With reference to Central Bank digital currencies, consider the follow

With reference to Central Bank digital currencies, consider the following statements :

  • 1. It is possible to make payments in a digital currency without using US dollar or SWIFT system.
  • 2. A digital currency can be distributed with condition programmed into it such as a time-frame for spending it.
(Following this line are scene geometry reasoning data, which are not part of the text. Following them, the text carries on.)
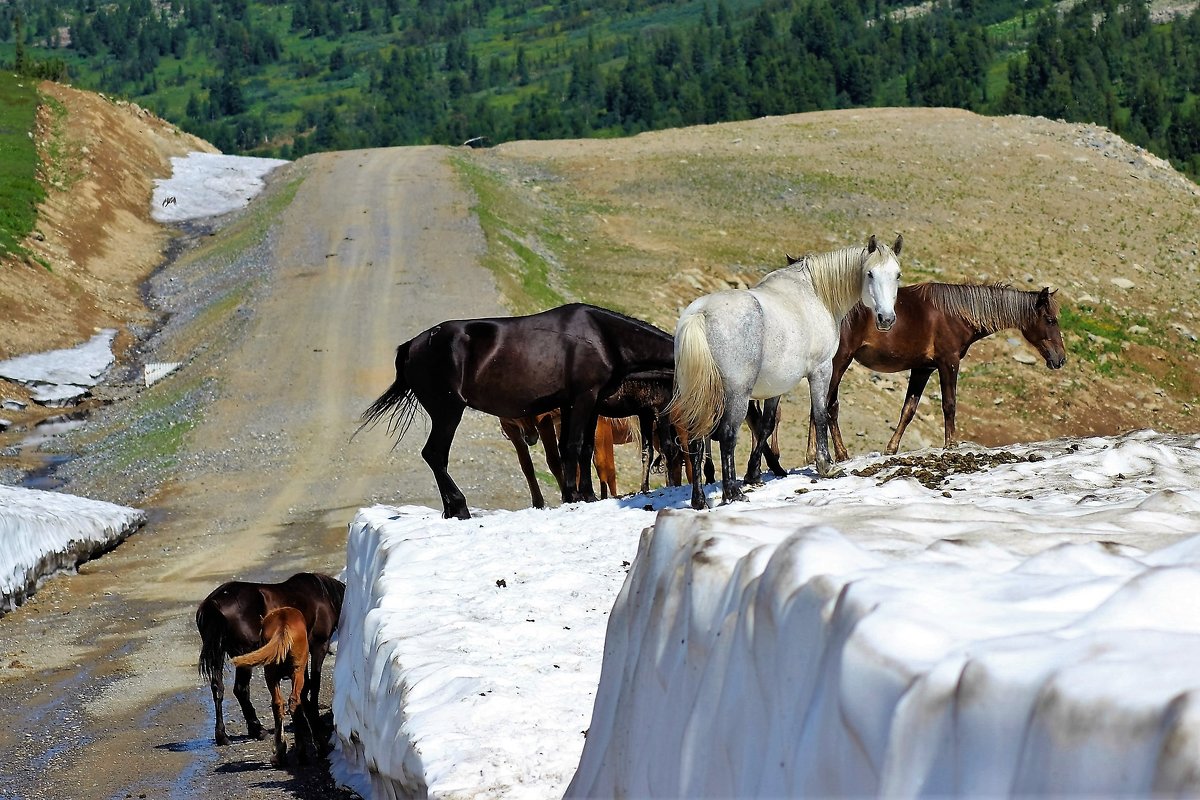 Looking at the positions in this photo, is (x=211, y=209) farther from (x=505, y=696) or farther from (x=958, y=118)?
(x=505, y=696)

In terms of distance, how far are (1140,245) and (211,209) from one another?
111 feet

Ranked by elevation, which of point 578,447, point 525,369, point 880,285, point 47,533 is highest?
point 880,285

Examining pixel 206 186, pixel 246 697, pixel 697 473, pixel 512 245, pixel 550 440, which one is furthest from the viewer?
pixel 206 186

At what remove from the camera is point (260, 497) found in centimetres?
2558

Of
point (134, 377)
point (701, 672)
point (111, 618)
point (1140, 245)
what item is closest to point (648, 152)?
point (1140, 245)

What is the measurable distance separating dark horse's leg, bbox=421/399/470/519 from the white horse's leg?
340cm

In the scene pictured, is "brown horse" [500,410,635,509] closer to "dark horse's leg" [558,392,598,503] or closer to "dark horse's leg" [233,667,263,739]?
"dark horse's leg" [558,392,598,503]

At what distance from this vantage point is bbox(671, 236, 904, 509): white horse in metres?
12.4

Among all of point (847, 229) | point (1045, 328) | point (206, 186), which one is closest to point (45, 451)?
point (1045, 328)

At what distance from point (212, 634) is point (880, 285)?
6.79 metres

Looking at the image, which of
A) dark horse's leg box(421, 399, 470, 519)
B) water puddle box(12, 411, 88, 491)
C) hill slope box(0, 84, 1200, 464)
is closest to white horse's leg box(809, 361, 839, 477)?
dark horse's leg box(421, 399, 470, 519)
Which of the statements given above is/are correct?

1 only
2 only
Both 1 and 2
Neither 1 nor 2
This question was previously asked in
UPSC IAS – 2023
Both statements are correct. Central Bank Digital Currencies (CBDCs) offer capabilities that can bypass traditional international payment systems like SWIFT and can potentially incorporate features like programmability.
– CBDCs allow for direct digital payment rails that do not necessarily rely on intermediary banks or existing international systems like SWIFT. This can facilitate faster and potentially cheaper cross-border transactions without requiring conversion to a specific reserve currency like the US dollar for routing.
– CBDCs can be designed with built-in rules or conditions, making them ‘programmable’. This could include setting time limits for spending (expiry dates), restricting usage to specific goods or services, or triggering payments upon fulfillment of certain conditions.
CBDCs are digital forms of a country’s fiat currency issued by the central bank. They are distinct from cryptocurrencies like Bitcoin (which are decentralized) and stablecoins (which are typically issued by private entities and pegged to an asset). Many central banks globally are researching and piloting CBDCs for various potential benefits, including payment system efficiency, financial inclusion, and monetary policy implementation.